# Tarpon gear ?



## stryper (Nov 10, 2008)

Got an invite but have no idea what type of gear to use. Got a lot of gear but I don't plan on dragging it all.


----------



## jmhall87 (Jan 21, 2013)

same problem as me dude I'm hoping to take on some tarpon around galveston late this summer but I have no Idea what size reel or rod I need


----------



## Sharkhunter (May 22, 2004)

4/0 size reel with 40# line is what I used for baits. Abu 7000 for casting. I would be interested in what the pros on here us as well though.


----------



## Cody C (May 15, 2009)

Calcutta 400
6000 series spinning reel
Both with 40lb braid. 
Fluro size and hooks depends on size of fish and bait. 


Cody C


----------



## dpeterson (May 3, 2007)

*My gear*

I have 4 ugly sticks with TLD 20's spooled with 30# and 40# mono and use a leader from 80# to 200# also mono. I have made some lures using the 2oz jig head (orange) with the cocahoe chartreuse/orange. Also have some other tiger curl tails on the same jig heads. I also will be out looking for the silver kiings along the peninsula/galveston waterfront this season. My casting rod is a ugly tiger with a 7000 reel spooled with 40# braid and a top shot of mono in the 60-100# range or bigger. I have some gulps that i will be trying on some of the jig heads. Hopefully these rigs will get the job done.


----------



## SharkBait >*)\\\><( (May 16, 2012)

senators and tlds catch many tarpon..if you want to do it with a spinner try a fin nor offshore 6500 with 65 pound braid on trevalla..


----------



## Snookered (Jun 16, 2009)

stryper said:


> Got an invite but have no idea what type of gear to use. Got a lot of gear but I don't plan on dragging it all.

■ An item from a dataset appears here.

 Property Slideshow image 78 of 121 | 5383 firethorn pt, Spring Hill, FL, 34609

best thing to do is ask whoever invited you what type of fishing they do.....are they throwing coonpops? are they live baiting? are they buggywhipping? trolling rattletraps? boat or jetties?

each technique will require a different set up....better to ask and show up with the right stuff and not be embarrassed....
snookered


----------



## Snookered (Jun 16, 2009)

SharkBait >*)\\\><( said:


> senators and tlds catch many tarpon..if you want to do it with a spinner try a fin nor offshore 6500 with 65 pound braid on trevalla..

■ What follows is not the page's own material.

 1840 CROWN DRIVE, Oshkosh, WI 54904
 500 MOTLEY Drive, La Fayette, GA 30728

overkill in most situations.....I landed a 4' tarpon on my ultralite, 5' ugly stick with my freshwater reel, with 6lb powerpro....handled it fine...

my go-to rock hopper is basically a bay-rod (7') set up with 10lb power pro....many people go way over board and throw way too large of baits at them....

don't know about you sharkbait, but I'm not good enough to throw a 2oz spoon with a Senator very far....and the 6500 with 65lb braid either....that's my YFT stick....
snookered


----------



## stryper (Nov 10, 2008)

Seems this thread came alive again, I went and the revered guide asked me to leave my gear. Seems most clients gear was either old/bad or not maintained well.
it sure sucked trying to cast with 6.5 80/100 uglystiks with old shimano reels. Next time its going to be my 40/60 tunasniper with my accurate 870/2n and i'll throw some salas 6x's


----------



## Snookered (Jun 16, 2009)

stryper said:


> I went and the revered guide asked me to leave my gear. Seems most clients gear was either old/bad or not maintained well.
> it sure sucked trying to cast with 6.5 80/100 uglystiks with old shimano reels. Next time its going to be my 40/60 tunasniper with my accurate 870/2n and i'll throw some salas 6x's


so how did you do? what technique(s) did y'all use that day, and what gear did the guide have?
snookered


----------



## Absolut (Jan 23, 2010)

I almost always take my own gear when I have it. The guides usually don't have the same caliber stuff that I have nor that I'm comfortable with using. The couple times I have used the guides stuff there is always a learning curve, and a couple times I missed opportunities at fish because I wasn't used to their gear.


----------



## Jake Reaves (Oct 1, 2004)

stryper said:


> Seems this thread came alive again, I went and the revered guide asked me to leave my gear. Seems most clients gear was either old/bad or not maintained well.
> it sure sucked trying to cast with 6.5 80/100 uglystiks with old shimano reels. Next time its going to be my 40/60 tunasniper with my accurate 870/2n and i'll throw some salas 6x's


Sounds like you went with the wrong guide, all the "Tarpon Guides" I know take care of their tackle and have the RIGHT tackle for casting and trolling.


----------



## whistlingdixie (Jul 28, 2008)

I love using my calcutta 700 for tarpon fishing.


----------



## jmou50 (Jun 2, 2005)

Calcutta 400 or 700, probably 700
Spooled with either 40-50 Power Pro 
Spooled with Andy Tourney 14

Shimano Saragossa 10000 or Stella 
10000, spooled with Power Pro 40 -50.

For 70 lb and under, Shimano Stella 3000.


----------